The service bus provides three communication patterns:

┌─────────────────────────────────────────────────────────────┐
│                       Service Bus                            │
├─────────────────────────────────────────────────────────────┤
│                                                              │
│  ┌─────────────────────────────────────────────────────┐    │
│  │                 Command Bus (REQ/REP)                │    │
│  │  ipc:///tmp/dgbit_cmd.ipc                           │    │
│  │  Synchronous request-reply for API calls            │    │
│  └─────────────────────────────────────────────────────┘    │
│                                                              │
│  ┌─────────────────────────────────────────────────────┐    │
│  │                 Event Bus (PUB/SUB)                  │    │
│  │  ipc:///tmp/dgbit_evt.ipc                           │    │
│  │  Async event distribution to subscribers            │    │
│  └─────────────────────────────────────────────────────┘    │
│                                                              │
│  ┌─────────────────────────────────────────────────────┐    │
│  │                 Job Queue (PUSH/PULL)                │    │
│  │  ipc:///tmp/dgbit_queue.ipc                         │    │
│  │  Work distribution to workers                       │    │
│  └─────────────────────────────────────────────────────┘    │
│                                                              │
└─────────────────────────────────────────────────────────────┘

Command Bus (REQ/REP)

Synchronous request-reply pattern for direct API-to-worker communication.

Use Cases

  • Dispatch backtest jobs
  • Request signal generation
  • Query worker status

Example

from dgbit_api.infra.messaging import NNGClient

# API side (requester)
client = NNGClient("ipc:///tmp/dgbit_cmd.ipc")
await client.connect()

response = await client.send({
    "command": "run_backtest",
    "payload": {
        "symbol": "BTCUSDT",
        "limit": 1000,
    }
})

print(f"Response: {response}")
await client.close()
from dgbit_api.infra.messaging import NNGWorker

# Worker side (replier)
worker = NNGWorker("ipc:///tmp/dgbit_cmd.ipc")
await worker.start()

while True:
    message = await worker.recv()

    # Process message
    result = process_command(message)

    await worker.send(result)

Message Format

{
    "command": "run_backtest",
    "job_uuid": "550e8400-e29b-41d4-a716-446655440000",
    "payload": {
        "symbol": "BTCUSDT",
        "interval": "15",
        "limit": 1000
    }
}

Response Format

{
    "status": "ok",
    "job_uuid": "550e8400-e29b-41d4-a716-446655440000",
    "result": {
        "total_trades": 15,
        "win_rate": 0.60
    }
}

Event Bus (PUB/SUB)

Asynchronous publish-subscribe pattern for event distribution.

Use Cases

  • Job status updates
  • Trade notifications
  • Signal broadcasts
  • System alerts

Example

from dgbit_services import EventPublisher, EventSubscriber

EventPublisher and EventSubscriber are defined in dgbit_services/__init__.py.
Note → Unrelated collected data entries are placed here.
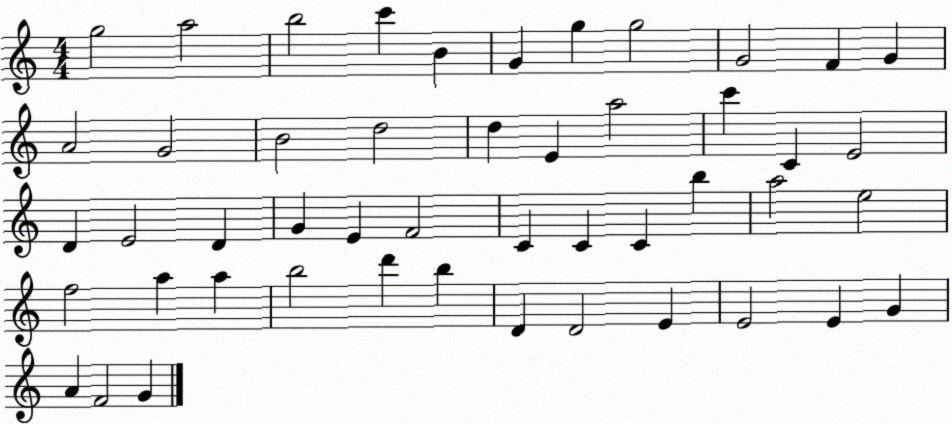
X:1
T:Untitled
M:4/4
L:1/4
K:C
g2 a2 b2 c' B G g g2 G2 F G A2 G2 B2 d2 d E a2 c' C E2 D E2 D G E F2 C C C b a2 e2 f2 a a b2 d' b D D2 E E2 E G A F2 G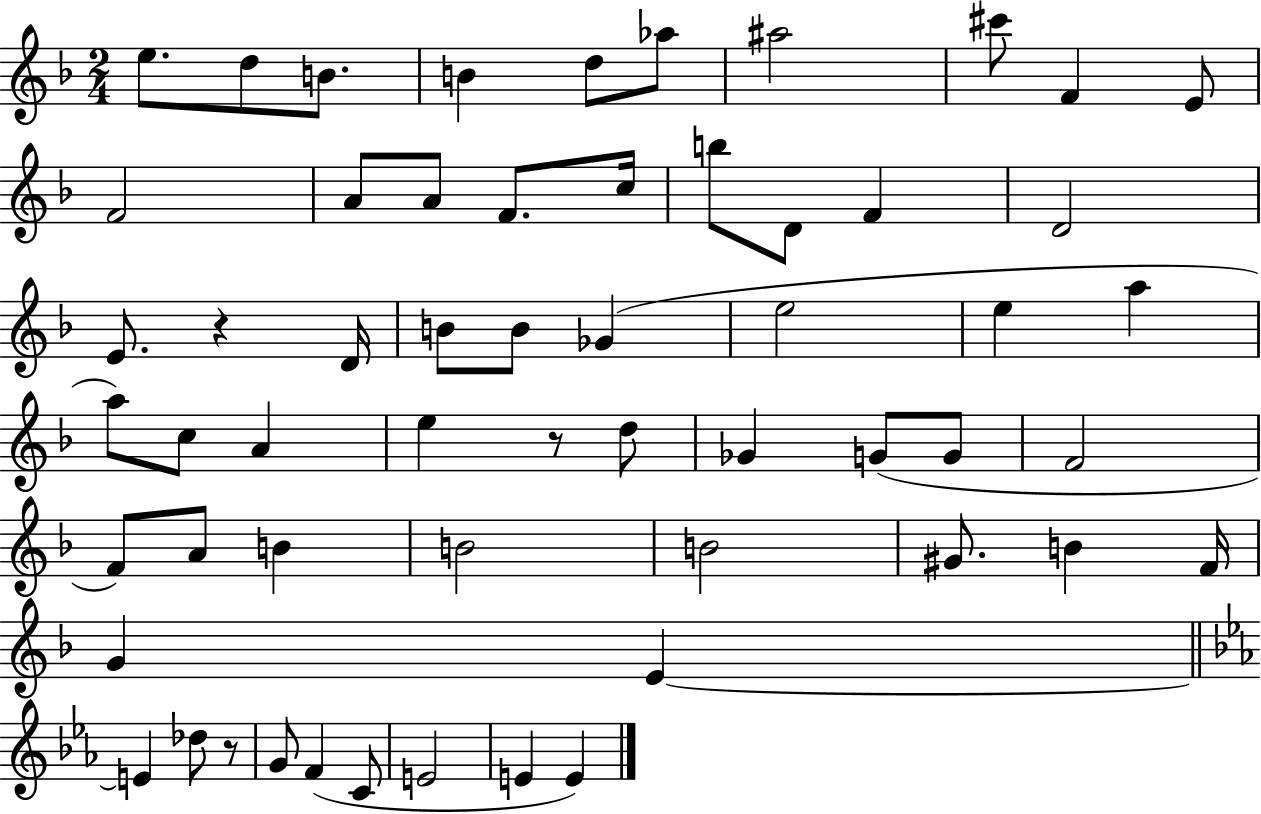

See that module for the current API; the related publish/dispatch helpers used by the API service live in dgbit_services/events.py.

Topic Hierarchy

job.created
job.started
job.completed
job.failed

trade.entered
trade.exited
trade.updated

signal.generated

system.health
system.alert

Job Queue (PUSH/PULL)

Work distribution pattern for load balancing across workers.

Use Cases

  • Distribute backtest jobs
  • Balance data fetching
  • Parallel signal generation

In the codebase

Job queue plumbing lives in dgbit_services.jobs:

  • JobQueue enqueues jobs to NNG (PUSH/PULL pattern).
  • JobWorker pulls jobs and runs the registered handler.
  • JobQueueService packages both behind the service-base lifecycle.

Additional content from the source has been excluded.